Typically donations received under Sec 80G are considered as Income and reflected in the credit side of the Income & Expenditure Account. Further, 85% of such income is required to be spent in the same year for the charitable purposes of the NGO under Sec 11(1) of the Income Tax Act.
However, donations specified by the Donor as towards Corpus have been on a different footing. The Donor is eligible for 80G deduction on Corpus. While the recipient i.e. the NGO takes it to the Balance Sheet as a Corpus Fund, which is capital in nature and not as an Income.

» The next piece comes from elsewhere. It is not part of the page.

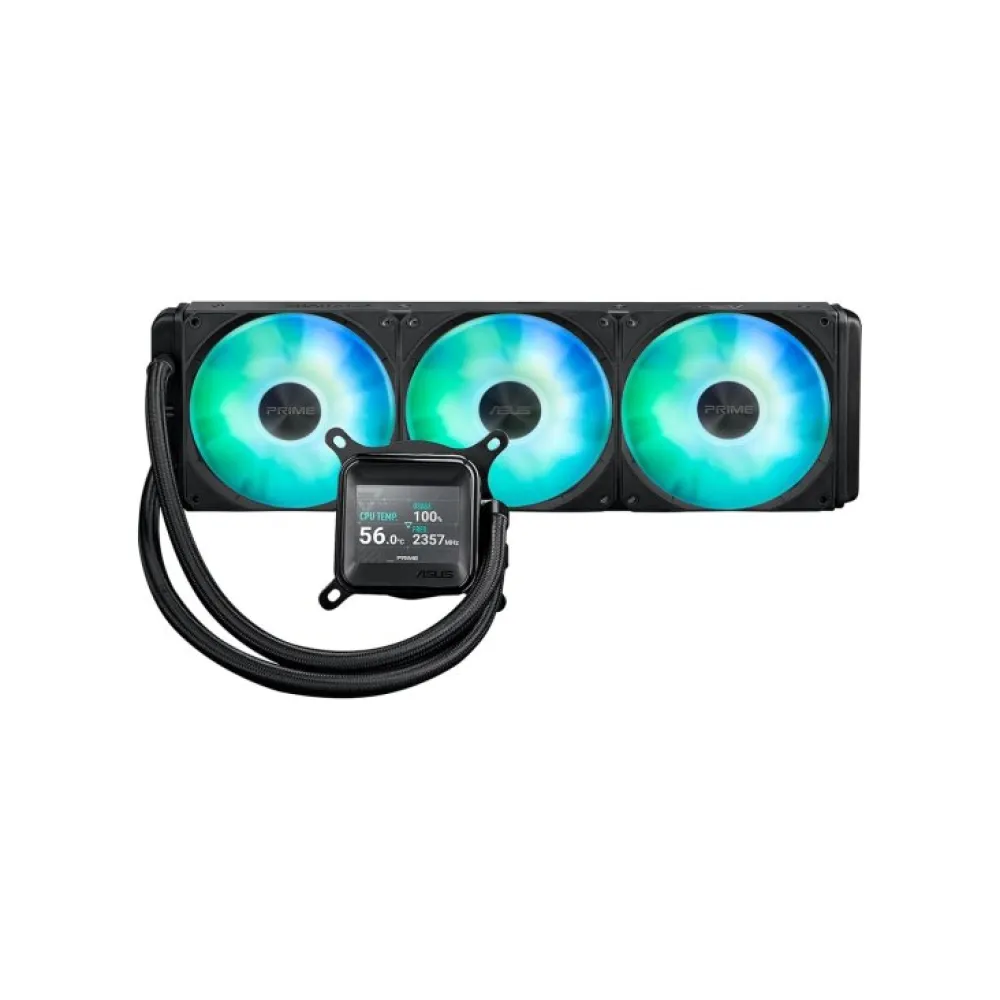 Asus Prime LC ARGB LCD 360mm Liquid Cooler - LCD Display, Black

Now if the same NGO were to donate these funds in the same financial year to another NGO as Corpus or as a simple donation, then such a donation was hitherto considered as a valid charitable expenditure which can be expensed in the Income & Expenditure account of the first NGO. This afforded an opportunity for round-tripping donations from one NGO to another with the interplay of it being expenditure and Corpus at the same time and beating around the 85% rule on utilization under Sec 11(1).
In the current budget of 2017, this same year Corpus receipt and parking loophole are attempted to be plugged by making the onward Corpus donation as a payment from the Balance Sheet and not as a Charitable Expenditure qualifying under Sec 11(1). Although the proposed amendment is silent, one would expect there would be an exception to the distribution of an NGO’s assets on the closure to another and Sec 11(3A) would prevail.